In this article we are going to look at another set of evil companies that use high pressure sales tactics to trick consumers into signing complex long-term contracts that they don’t understand: timeshare marketing companies.

Thank you Bogdan for your contribution and also great thanks to Irene who has taken the time to edit the article and write the introduction.

Have a great weekend and we will be back in full swing soon.

Friday’s Letter from America: Sales Agents a Hilton Member Experience

Welcome to this week’s edition of Letter from America, continuing our series on what “sales agents” tell you, and can you actually believe it, we today welcome another new contributor Ali El-Kerdi. His experience will be of great interest to our Diamond readers especially in the light of the Hilton purchase. So welcome to our pages Ali.

Can a Timeshare Buyer Believe Timeshare Sales Agents?

By Ali El-Kerdi 

May 14, 2021

I have been reading about the “oral representation” clause that allows timeshare sales agents to say anything to make a sale. This protective blanket places the burden on the consumer to prove what the agent said or did not say. People buying new cars from a dealer or a house from a real estate agent rely on the ethics of the sales agent. You might be more wary if buying a used car. 

We thought we could trust the ethics of Hilton Grand Vacation sales agents. With Hilton, trust is often ingrained if the prospective Hilton timeshares buyer is already a loyal Hilton Honors member. I have joined efforts to warn potential first time buyers that you might as well not talk to a sales agent if you are interested in a timeshare. Check first with a licensed timeshare broker who charges nothing upfront. Their commission is paid at closing after a buyer is found, like any traditional real estate transaction. If buying a “used” timeshare, the purchaser must ask what restrictions accompany a timeshare bought on the secondary market.     

On October 17, 2018 we attended a Hilton Grand Vacations (HGV) sales presentation in Florida at Park Soleil Hilton Grand Resort in Orlando with Daniela O, another agent and a manager.  A 60 minute presentation ended up being over three hours. We had told them that we wouldn’t be able to stay long because we had young kids with us. We purchased a week at Ocean 22 in South Carolina which is equivalent to 4,800 bi-annual points should the owner wish to stay at another property other than their home resort.  

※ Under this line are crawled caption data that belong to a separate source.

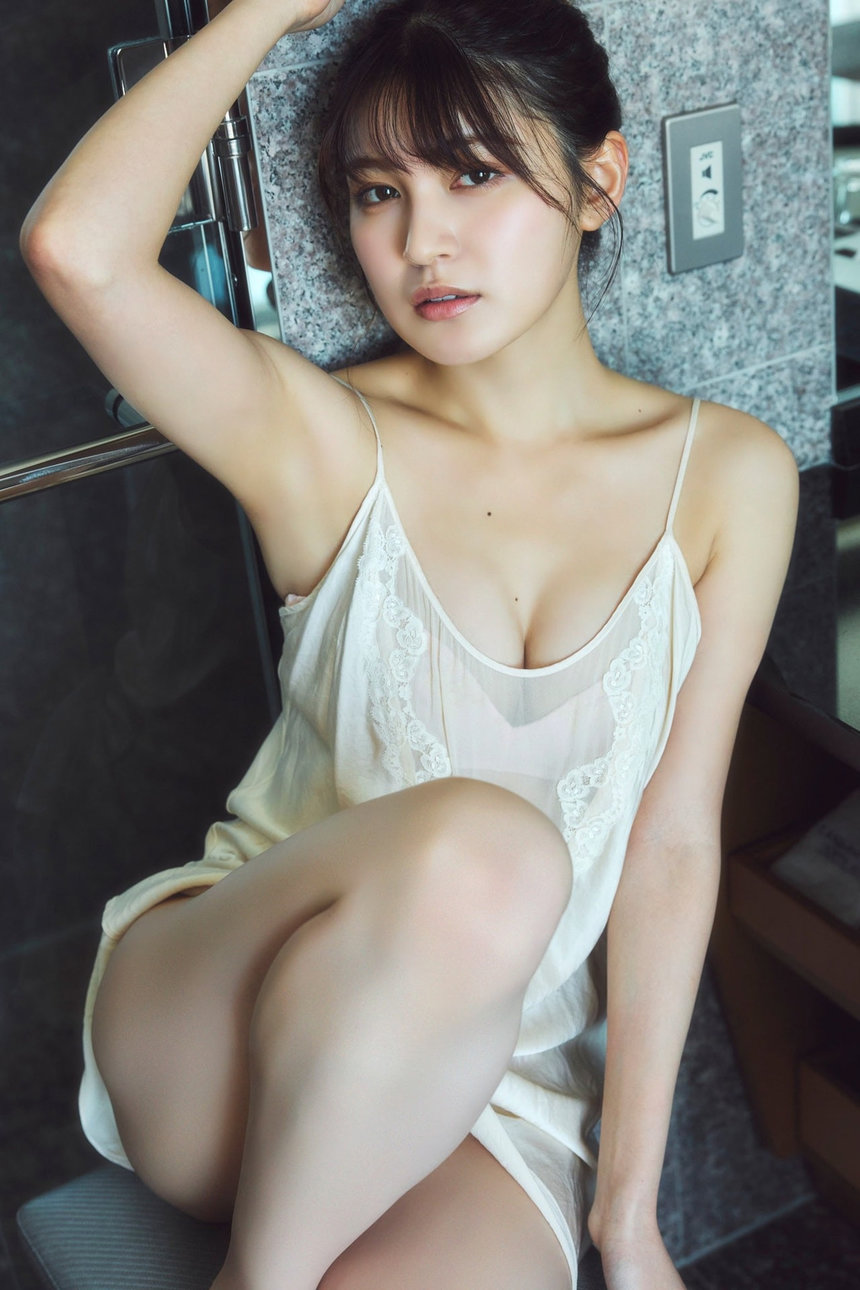 神志那結衣写真集「赤いドレスを脱いだら……」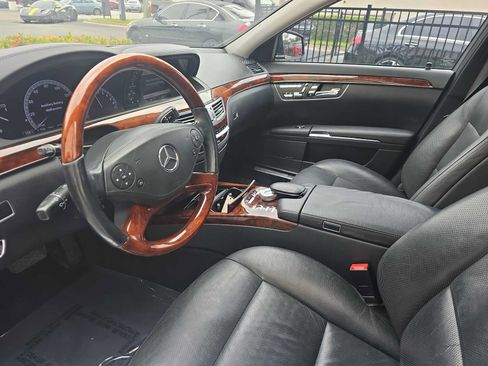 Used 2011 Mercedes-Benz S 550 4MATIC image 17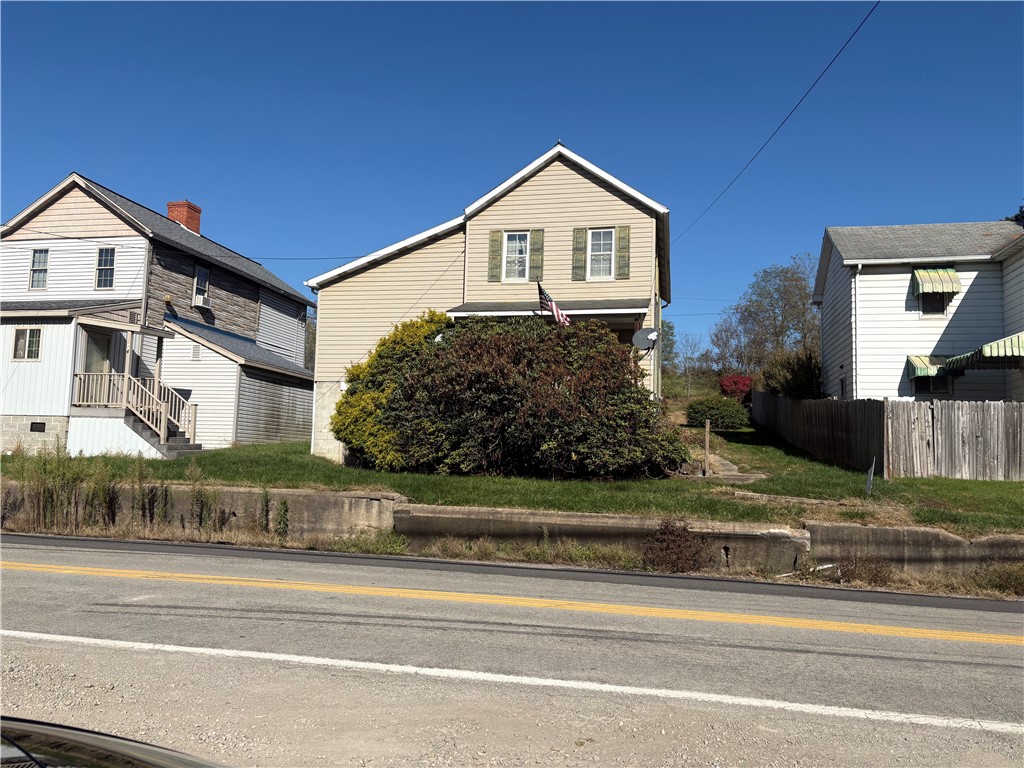 1076 New Salem Rd — photo 1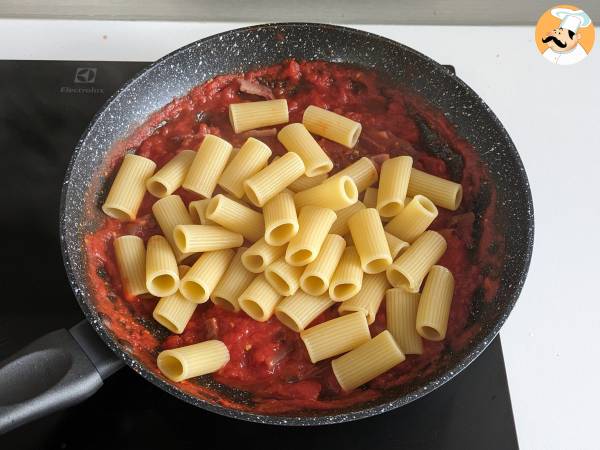 Pasta all'amatriciana, det traditionella receptet förklarat steg för steg - Beredning steg 8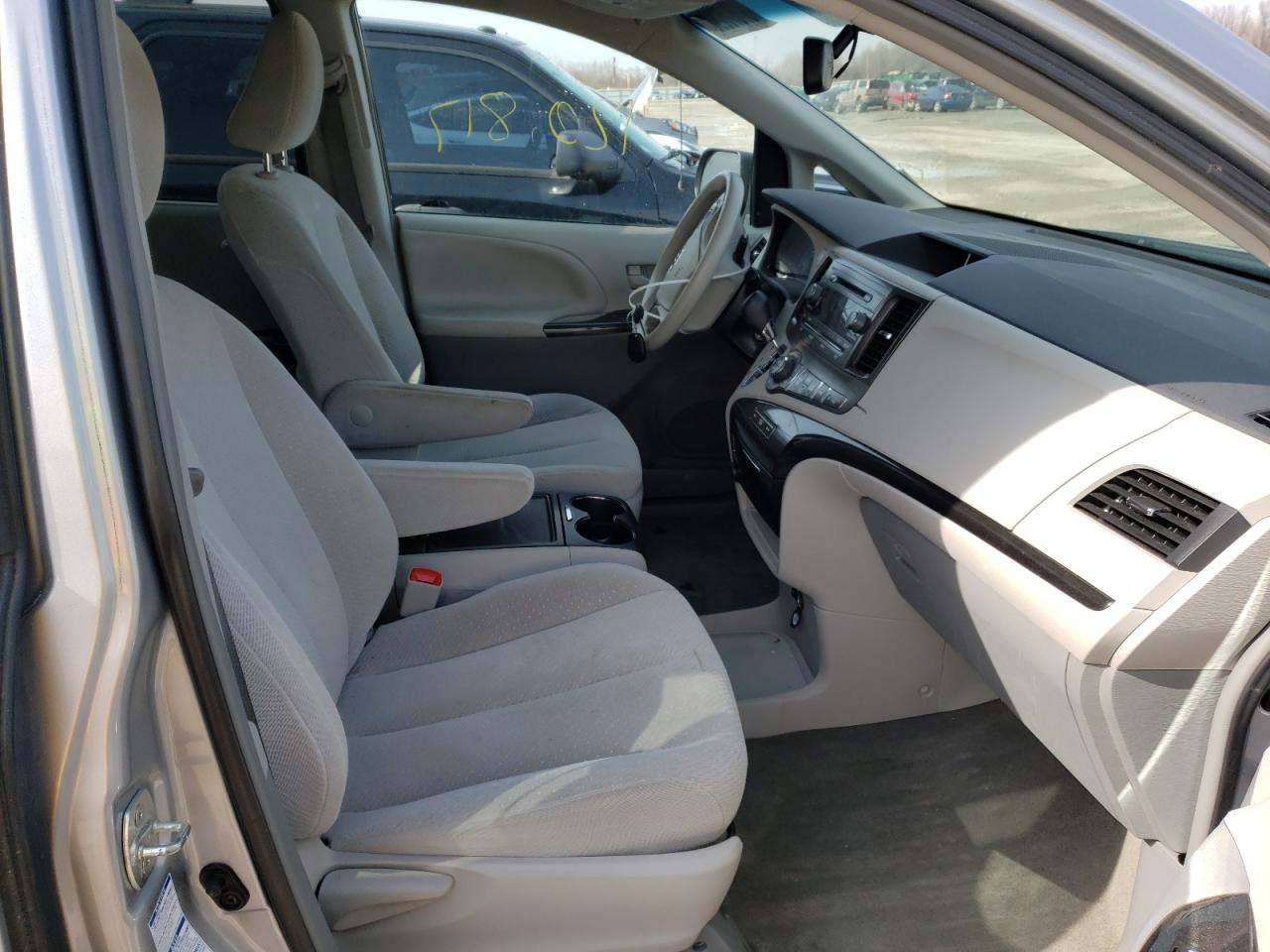 Photo 5 from auction – 2014 TOYOTA SIENNA LE with VIN 5TDJK3DCXES084322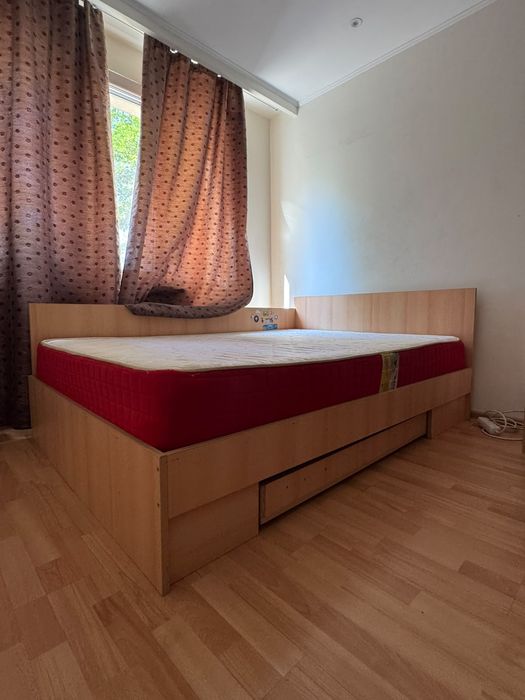 Mobila de vinzare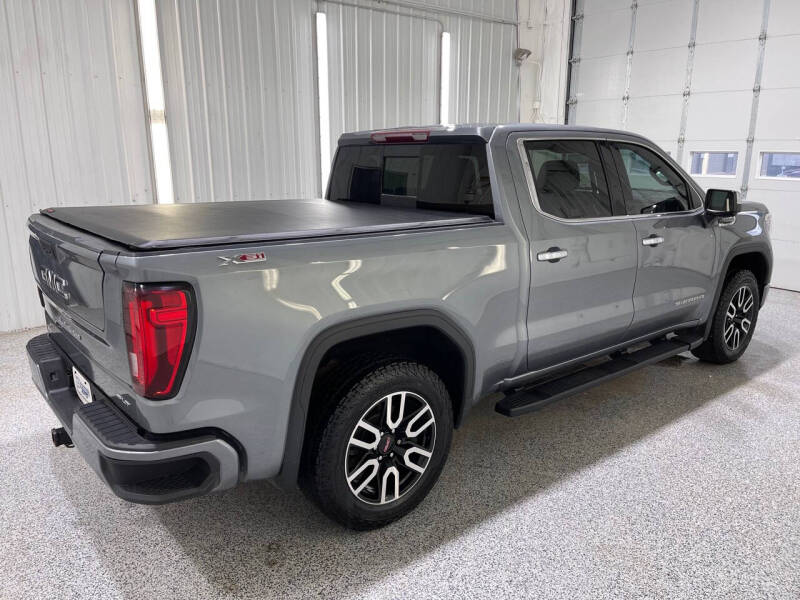 Used 2021 GMC Sierra 1500 SLT with VIN 3GTU9DED4MG360383 for sale in Sioux Falls, SD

My wife and I are working professionals. We clearly understood the answers to questions we asked to address our concerns. We made it VERY clear to Daniela that we would not be able to use the timeshare for a long time due to the age of our children and our current work and school schedules. I am a professor working on my post-doc and my wife is an Internist. We can only able to take off from work for one or two nights stays at a time. It will be several years before we can take a week’s vacation. An ethical salesperson would have told us then and there that a timeshare is not an appropriate product for our family. However, Daniela assured us we could use Hilton’s timeshare points for one or two nights stays and bank points “in perpetuity” to function as a kind of a “vacation retirement plan” as we accumulated points over the years for future vacations. The manager and the other sales agent also confirmed points could be saved indefinitely. We learned points cannot be saved in perpetuity. Points can be “extended” for only two years (for a fee). The only way we can book one or two night stays is if we convert to RCI or Hilton Honors points, but that reduces the value of the points even more and requires a fee to do so. 

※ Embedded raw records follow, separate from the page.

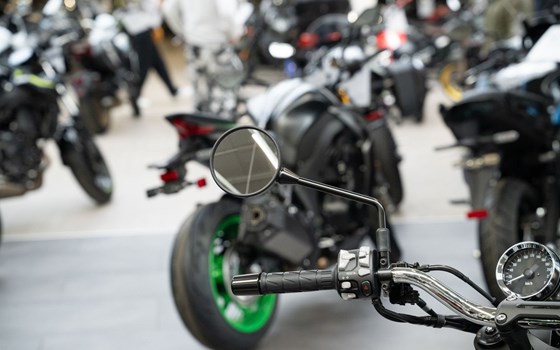 Neufahrzeug Kawasaki Z900 RS - Bild 18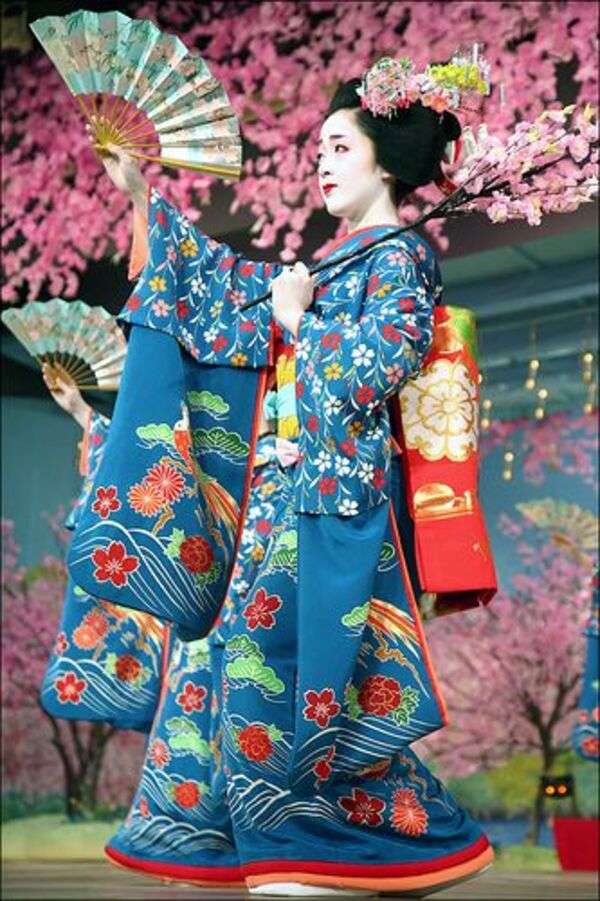 日本のデザインの凝った服を着た女性-アート1 ジグソーパズルオンライン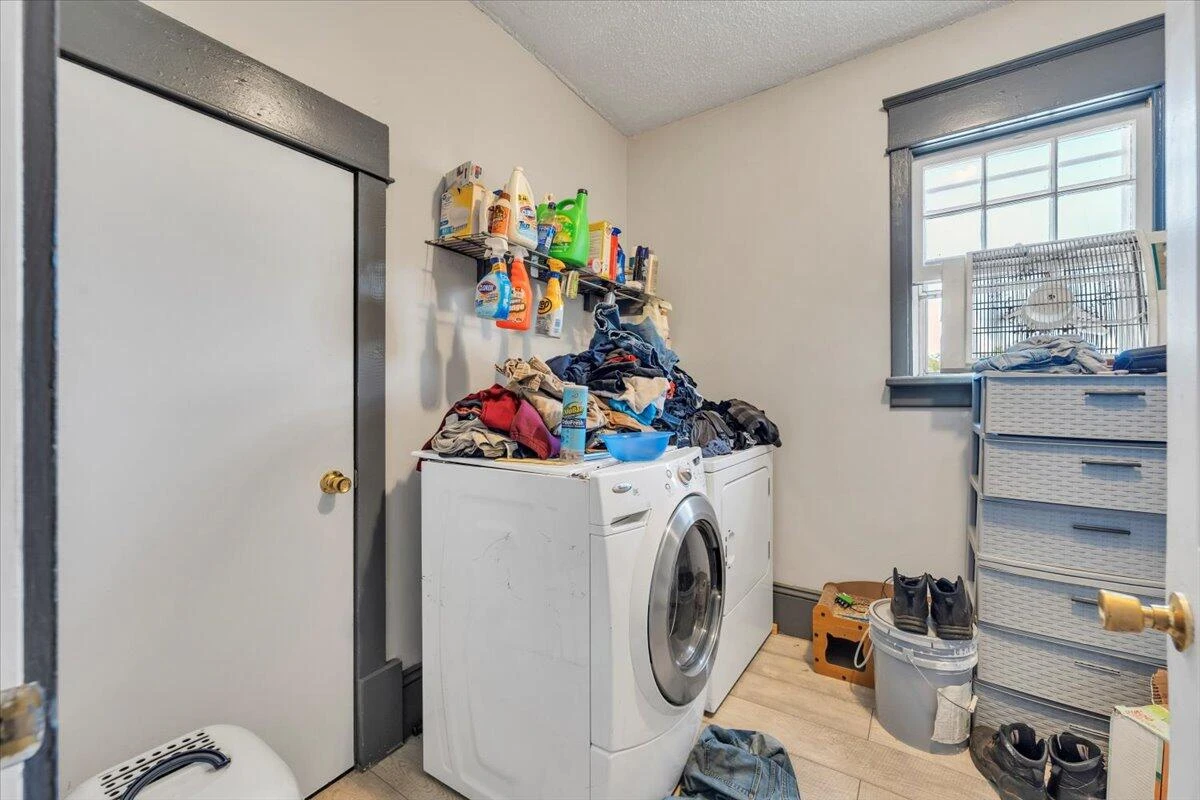 1206 Tompkins AVE SE - Photo 36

It seems obvious to us now that the manager who rushed in with another supervisor waving a print out with “properties that just came on the market” was to stage urgency, making this an opportunity good only for today! Daniela and the supervisor said the property would automatically have higher value because we were buying at a discount, and the value would increase over time like any real estate. They further mentioned we would be able to deduct interest expense. 

Additionally, we were also told that as Hilton Grand owners we would be able to use any Hilton Grand location’s amenities by simply proving that we are owners, without having reservations at said location. We were told that as Hilton Grand owners we would get significant discounts off regular Hilton hotel reservations/stays. I’ve stayed at Hilton properties before subsequent to our timeshare purchase from Hilton Grand Vacations. I spoke to several hotel managers about said discounts. One manager actually laughed and said he hears this all the time. When I texted Daniela to ask her, she asked who told me that. I told her she did in text messages!     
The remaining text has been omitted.